■ What you need to do: Given the entries below, would you transcribe exactly the lines starting at the one with "Here we have" and ending at the one with "It also has", both kept, pictures omitted, nothing extra?

■ Data to process:
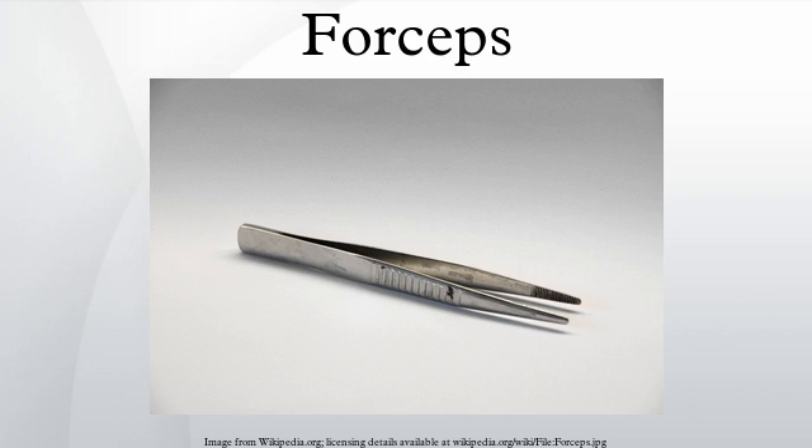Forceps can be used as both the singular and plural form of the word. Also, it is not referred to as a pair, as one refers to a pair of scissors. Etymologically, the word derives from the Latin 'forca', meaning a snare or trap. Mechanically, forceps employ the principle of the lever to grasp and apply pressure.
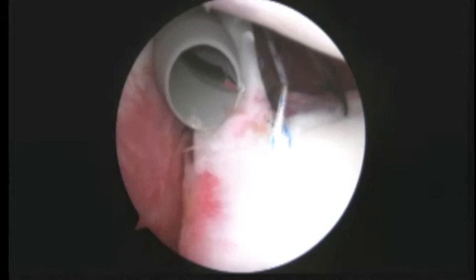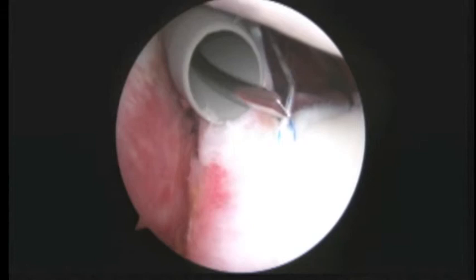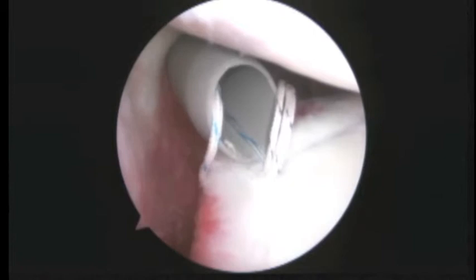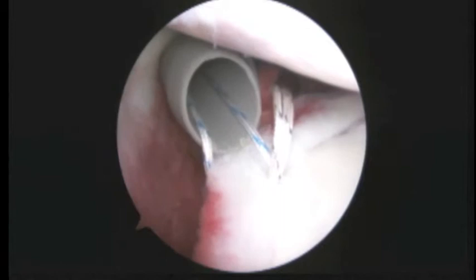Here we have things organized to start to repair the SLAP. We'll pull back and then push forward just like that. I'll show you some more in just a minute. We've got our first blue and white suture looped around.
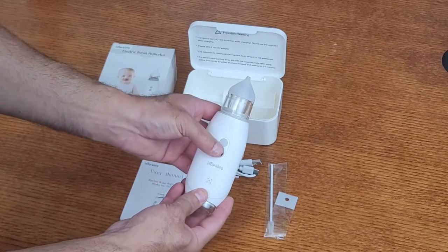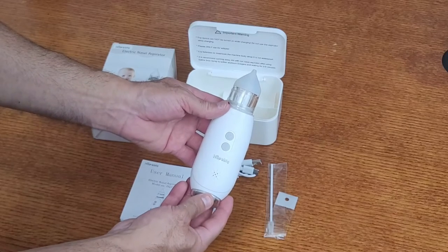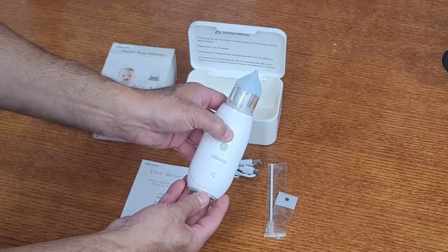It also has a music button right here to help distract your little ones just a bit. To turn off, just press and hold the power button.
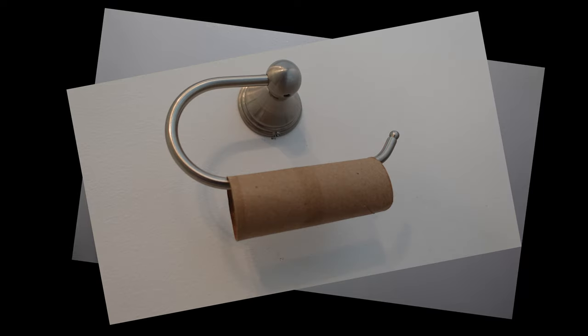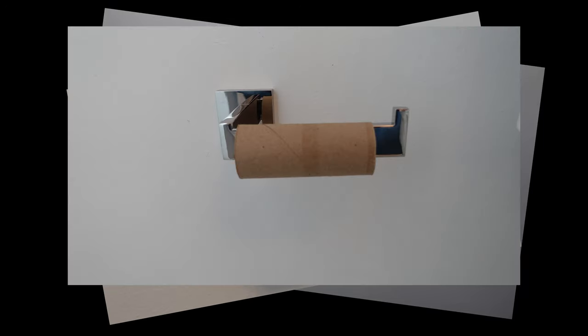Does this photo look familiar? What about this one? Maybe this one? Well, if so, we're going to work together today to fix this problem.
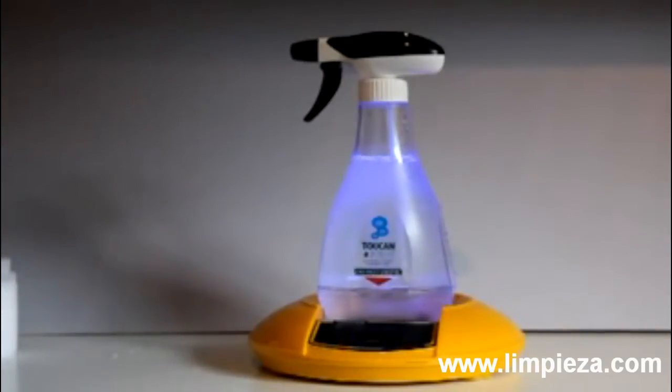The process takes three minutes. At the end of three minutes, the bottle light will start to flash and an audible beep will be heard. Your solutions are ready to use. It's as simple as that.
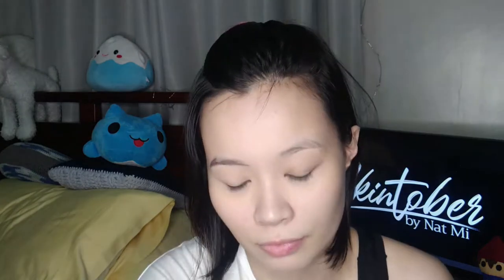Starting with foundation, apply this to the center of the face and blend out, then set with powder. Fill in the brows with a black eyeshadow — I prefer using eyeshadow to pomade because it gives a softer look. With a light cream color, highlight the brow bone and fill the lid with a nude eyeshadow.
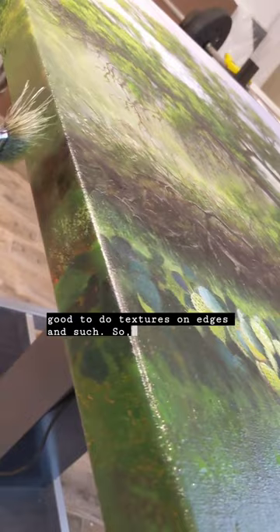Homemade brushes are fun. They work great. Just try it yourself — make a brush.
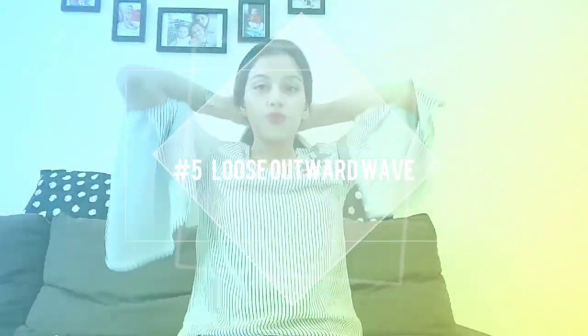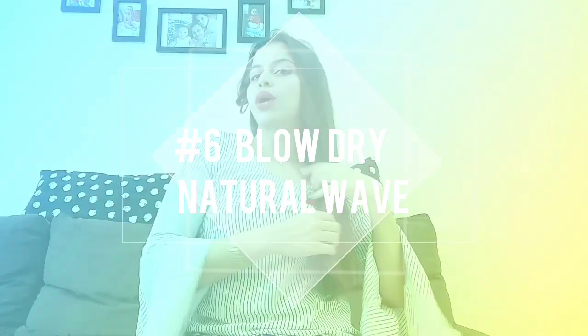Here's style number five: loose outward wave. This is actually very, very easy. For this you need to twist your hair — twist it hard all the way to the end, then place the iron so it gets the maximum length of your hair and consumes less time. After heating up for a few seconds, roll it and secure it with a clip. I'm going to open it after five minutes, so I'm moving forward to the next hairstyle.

--

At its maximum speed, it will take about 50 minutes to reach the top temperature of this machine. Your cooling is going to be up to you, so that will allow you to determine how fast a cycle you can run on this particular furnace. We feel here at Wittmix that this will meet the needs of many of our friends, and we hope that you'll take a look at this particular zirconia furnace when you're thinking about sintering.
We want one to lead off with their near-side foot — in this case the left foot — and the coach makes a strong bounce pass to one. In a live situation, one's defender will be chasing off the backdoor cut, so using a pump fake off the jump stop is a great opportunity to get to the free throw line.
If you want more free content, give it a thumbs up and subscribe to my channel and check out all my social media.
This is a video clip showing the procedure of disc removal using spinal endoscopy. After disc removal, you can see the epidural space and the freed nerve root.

■ Answer box:
Here we have things organized to start to repair the SLAP. We'll pull back and then push forward just like that. I'll show you some more in just a minute. We've got our first blue and white suture looped around.
It also has a music button right here to help distract your little ones just a bit. To turn off, just press and hold the power button.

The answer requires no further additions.